弁理士の日々

特許事務所で働く弁理士が、日常を語ります。

意匠法等の一部改正案

2006-03-10 00:07:57 | 知的財産権
意匠法等の一部を改正する法律案が公表されました。
意匠法は普段扱わないのでさておき、特許法がどのように変わるのかについて確認しました。実務に影響する順に見ていきます。

1.拒絶理由通知後の補正範囲が狭まります。
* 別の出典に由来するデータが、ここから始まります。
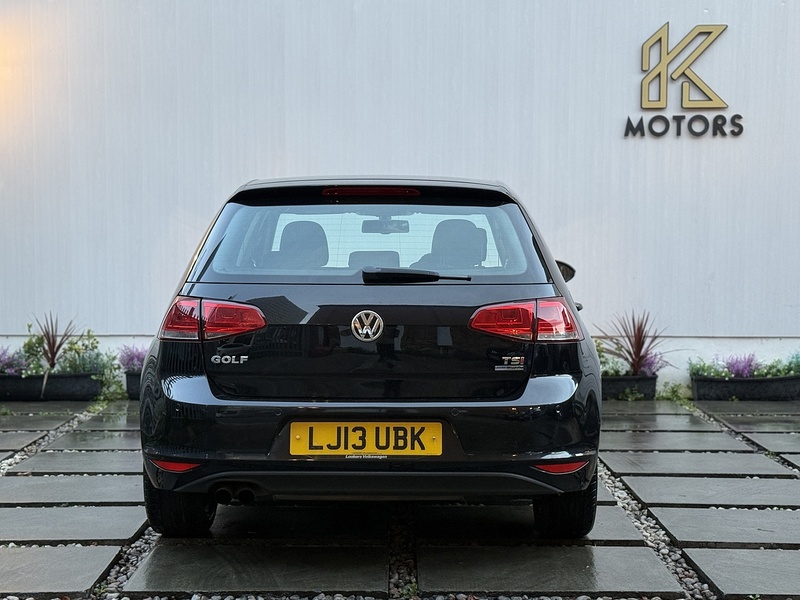 Volkswagen Golf 1.4 TSI BlueMotion Tech SE Hatchback 5dr Petrol DSG Euro 5 (s/s) (122 ps) - U212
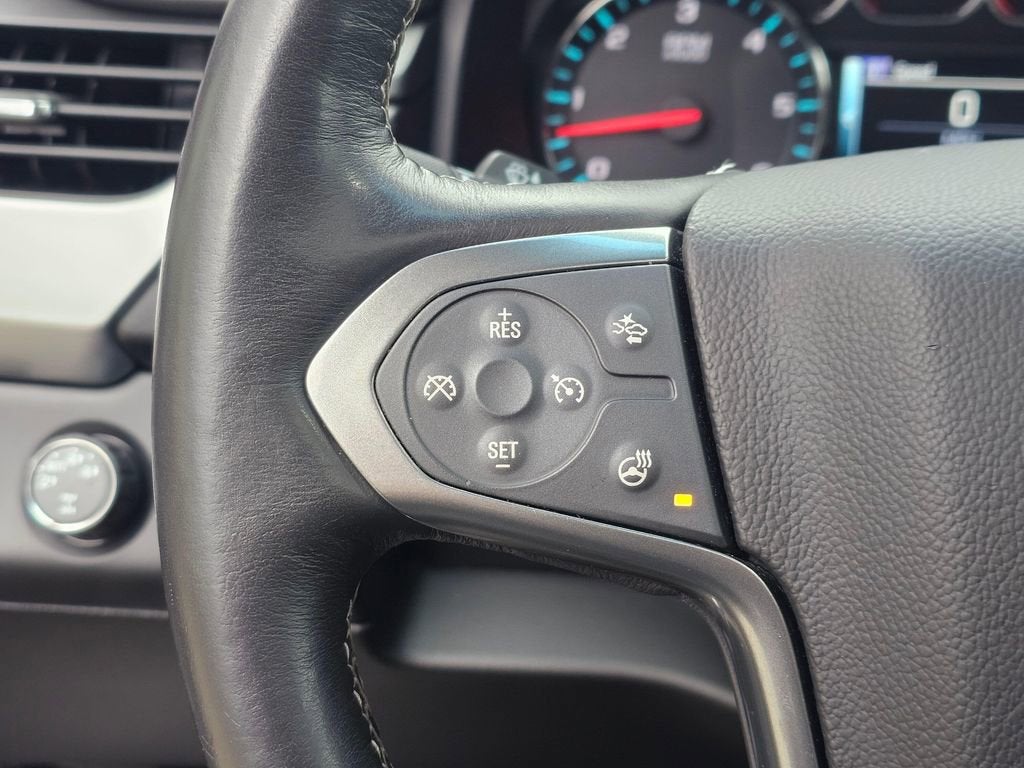 2016 Chevrolet Tahoe Base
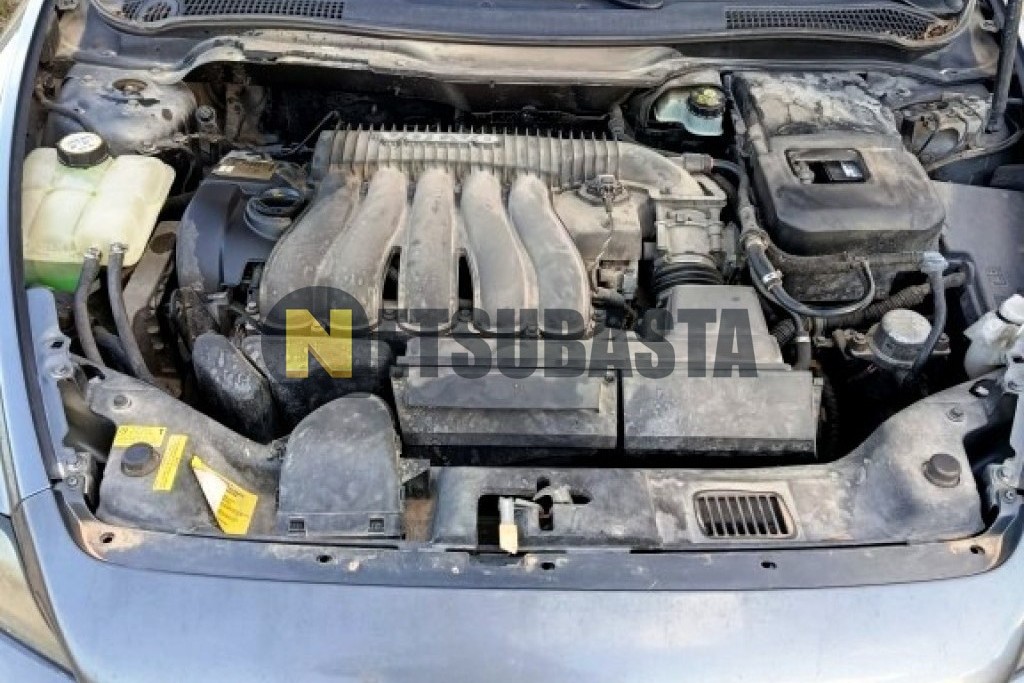 Volvo V50 2.4 Aut. 2004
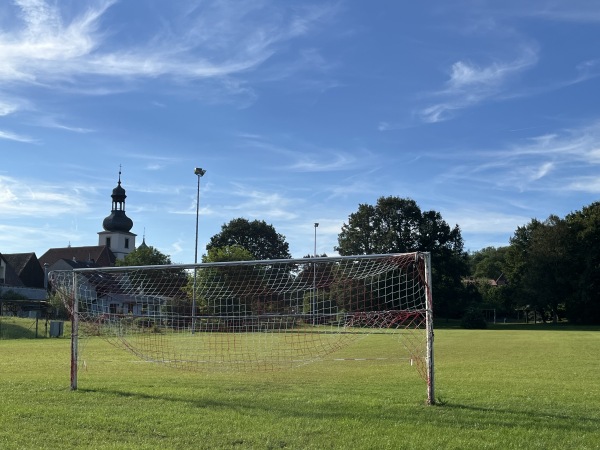 Sportanlage Aschbach Platz 2 - Schlüsselfeld-Aschbach
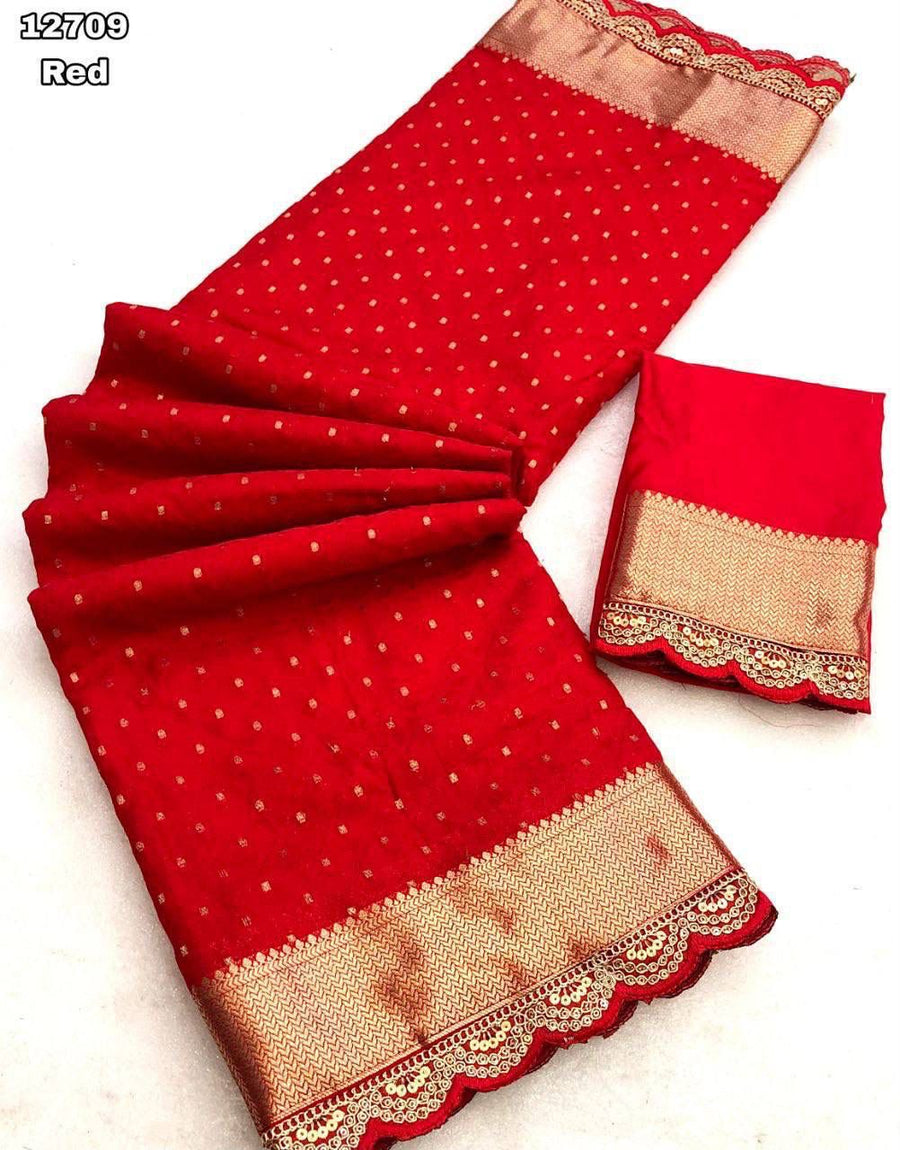 khadi georgette saree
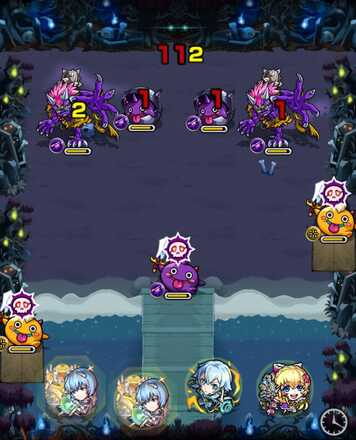 バフィック ステージ1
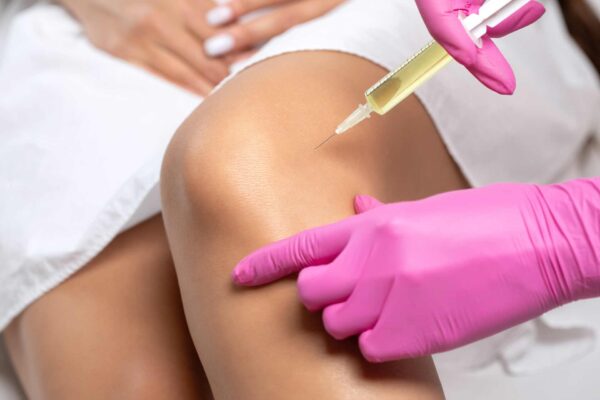 PRP injections for knees Abu Dhabi
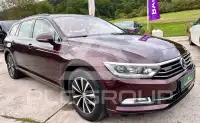 2017 Volkswagen Passat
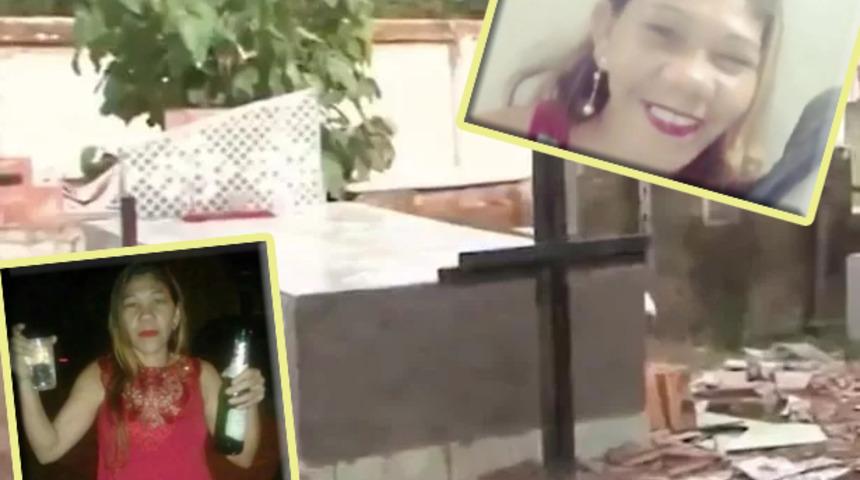 11 gün boyunca yanlışlıkla diri diri gömüldüğü tabutun içinden çıkmaya çalıştı... "Kaçmak için tabutu pençeliyordu..."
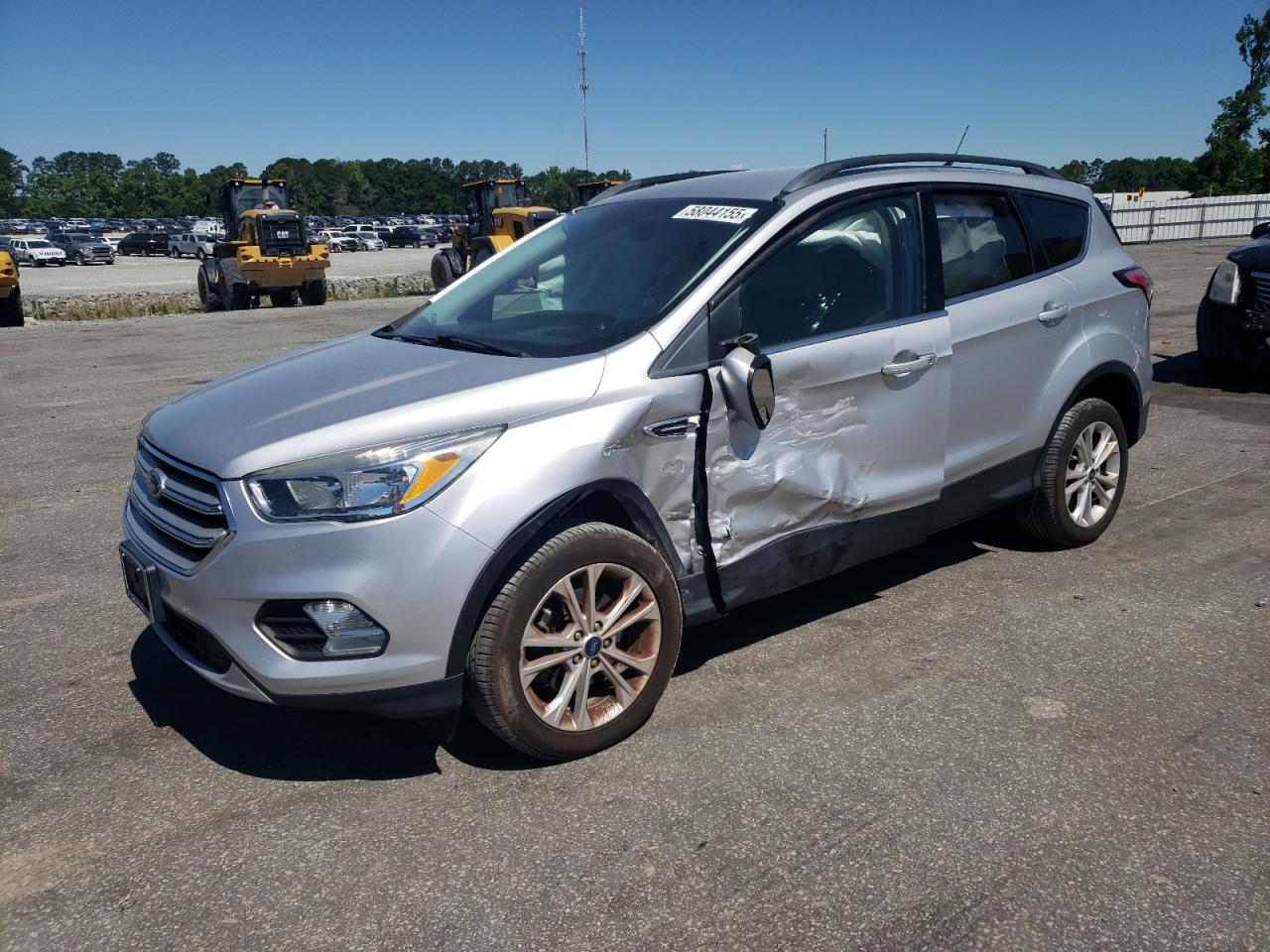 FORD ESCAPE SE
「補正前の拒絶理由通知で特許性を判断された発明と、補正後の発明とが、37条の発明の単一性の要件を満たす」必要があります(17条の2新設4項)。
出願時の特許請求の範囲が
請求項1:発明A
請求項2:発明B
だったとして、
拒絶理由通知で「請求項1は進歩性なし、請求項1と2は発明の単一性がないので、請求項2については審査していない」とされた場合、今までであれば、「請求項1を削除し、請求項2のみを残す」という補正が可能でしたが、これからはできなくなります。発明Bを残したいと思ったら、分割出願しかないですね。
これだったら、米国のように審査前に「発明の単一性がないから、どの発明を審査して欲しいか申告せよ」という制度にしてもらいたいですね。
法改正にのぞむ特許庁の姿勢は、審査が楽になることであればなりふり構わず何でもやる、という感じですね。

2.分割出願
(1) 特許査定送達・拒絶査定送達から30日間は分割出願できます。
(2) 分割出願の拒絶理由が親出願の拒絶理由と同じだった場合、分割出願で拒絶理由に応じてした補正が補正要件違反だったら、補正却下されます(多分)(50条の2、53条)。

3.発明の実施に「輸出」が加わりました。また、特101条の「みなし侵害」に、「譲渡又は輸出のための所持」が加わりました。

4.外国語書面出願で、翻訳文の提出期限が変わります。従来は「出願日から2ヶ月」でしたが、これからは「優先日から1年2ヶ月」になります。
法改正の解説では「2ヶ月以内 → 1年2ヶ月以内」と説明されていますが、大嘘ですね。